Mad, Beautiful Ideas
Being Geek

Michael Lopp, or Rands as he is better known on line, at least by those who read his blog, released this year Being Geek, subtitled "The Software Developer's Career Handbook" through O'Reilly Media.

The book brings together much of the content from Rands' blog about working in technology as well as managing technology. I don't know how this book may relate to his 2007 book "Managing Humans", but I suspect there is a lot of overlap, but I may take the opportunity to investigate later.

Being Geek is many things. It provides information on how to ensure your career is growing. On how to identify when it's time to 'jump ship' and move on from one company to another. It stresses, time and again, that you alone can drive your personal and professional growth. It gives solid advice on interviewing, and not only how to do well in an Interview, but how you can get the information that you need to determine if a job is appropriate for you as well.

The discussion about how to find the right job was the most interesting, as I'm fast approaching a time when circumstance will require me to move on from my current job, but more than that, it drove home the nagging feeling that I've been carrying, that I'm ready to move on.

The majority of the rest of the book talks about Management. Rands assumes that anyone reading the book has the mentality to be a domain expert, and to do well in a variety of jobs, but, in his words, we're taught to "manage bits, not people." A lot of Engineers struggle greatly when they make the transition to management because we usually just don't know what to do.

At this point in my career, the management lessons are slightly less relevant, but even if you're not making that jump (now or ever), they're worth reading. Poor managers can sometimes be made better with a tiny bit of management from their people. And thinking, even a little bit, like a manager, can help you identify a good manager when you're thinking about making a move.

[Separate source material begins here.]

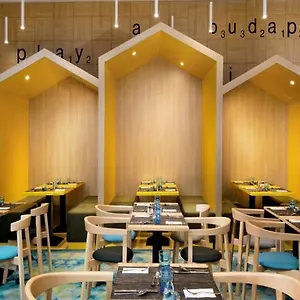 Ibis Styles Center Ξενοδοχείο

In some ways, I wish that less of this book dealt with the issues of managing people. They're important, surely, but I wonder if it would have been possible to put in more of the content from the first section, the one that was most relevant to me at this time. However, the content that was present, I believe will be invaluable.

This isn't a job hunting book. It also isn't really a management book. Yes, it contains a lot of data on both, and maybe it contains enough on both subjects. But the book is exactly what the subtitle says: It's a book about managing your career.

My father has worked for the same company since 1980. My mother, has worked for maybe a half-dozen companies, and the latest she's been with for over fifteen years. I've been out of school for five years now, and I've been with two companies, implying I'm well on my way to beating those numbers. And that's become the norm for many people. Technology has very much become a field where if you're not a growing, you're shrinking, and you need to always be looking for something new and bigger, if not for the personal gratification of it, to make sure that if you ever need to go looking for a job, people will take notice.

Being Geek also has what I consider something of a 'bonus' chapter. "The Nerd Handbook" is a chapter meant not for you, but for your significant other. In fact, I would almost suggest that you not read it, because having someone nail your personality and habits so accurately is...a little depressing. And while this book is called "Being Geek", understand that it's very much about computer geeks, maybe just general engineering geeks too, but I'm not wholly sure. My wife is at least as big of a geek as I am, but her focus is on biology and phylogenetics. While there are overlaps in the behaviors described in this chapter, it definitely applies more strongly to me, and not her.

If I were faculty in Computer Science, I would probably build a list of required reading I'd hand every senior after they applied for graduation. Hell, I'm going to make that list anyway. This book would be at the top of that list. I would call it excellent reading for any technology geek at any stage of their career, but for geeks under 30, it should be mandatory.